**TASK ITEM:**
The lines below starting at the line containing "Cute 1080p HD" and ending at the line containing "19XFL4H86TE016587 2026 HONDA" are to be repeated exactly, with both ends kept and nothing else added.

**RECORDS SHOWN:**

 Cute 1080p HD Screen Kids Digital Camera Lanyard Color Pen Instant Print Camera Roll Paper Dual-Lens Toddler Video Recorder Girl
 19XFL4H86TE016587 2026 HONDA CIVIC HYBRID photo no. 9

--

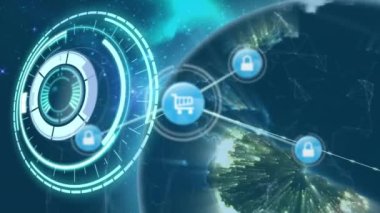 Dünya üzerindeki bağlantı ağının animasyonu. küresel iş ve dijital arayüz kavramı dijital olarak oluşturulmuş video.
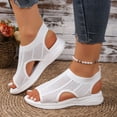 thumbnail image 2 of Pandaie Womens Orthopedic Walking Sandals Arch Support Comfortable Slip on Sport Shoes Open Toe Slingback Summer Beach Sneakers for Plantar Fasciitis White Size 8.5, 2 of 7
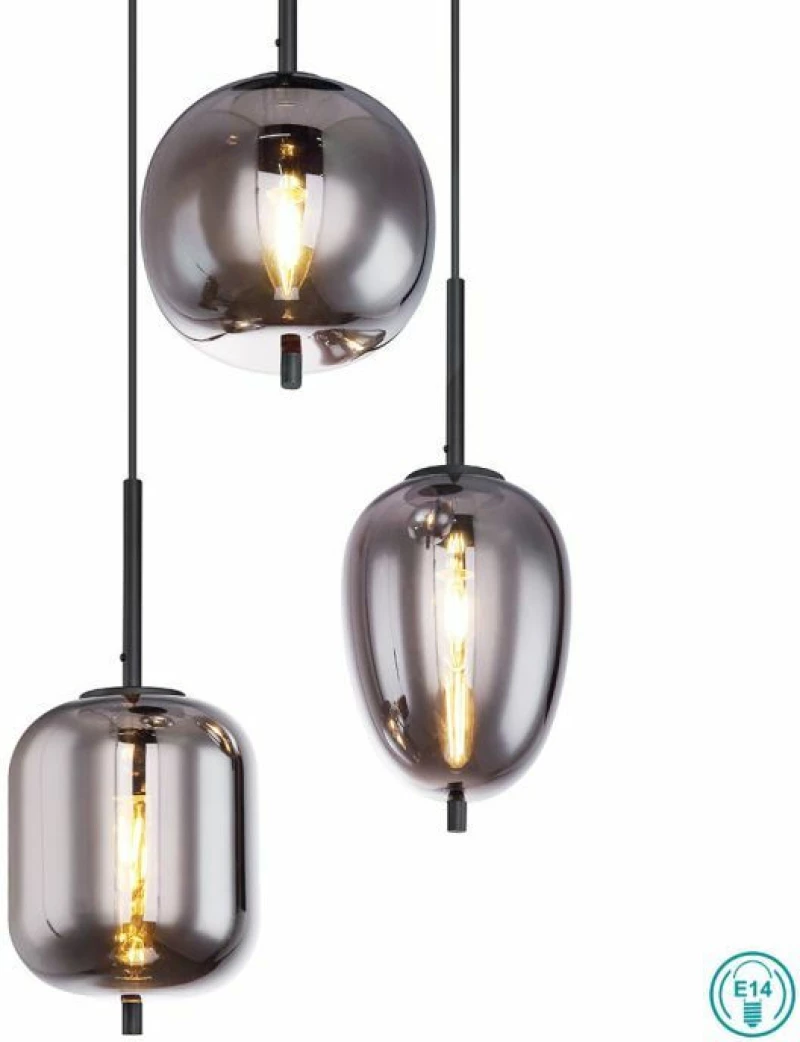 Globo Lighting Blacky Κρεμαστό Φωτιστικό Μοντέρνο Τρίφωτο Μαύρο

**TASK RESULT:**
 Cute 1080p HD Screen Kids Digital Camera Lanyard Color Pen Instant Print Camera Roll Paper Dual-Lens Toddler Video Recorder Girl
 19XFL4H86TE016587 2026 HONDA CIVIC HYBRID photo no. 9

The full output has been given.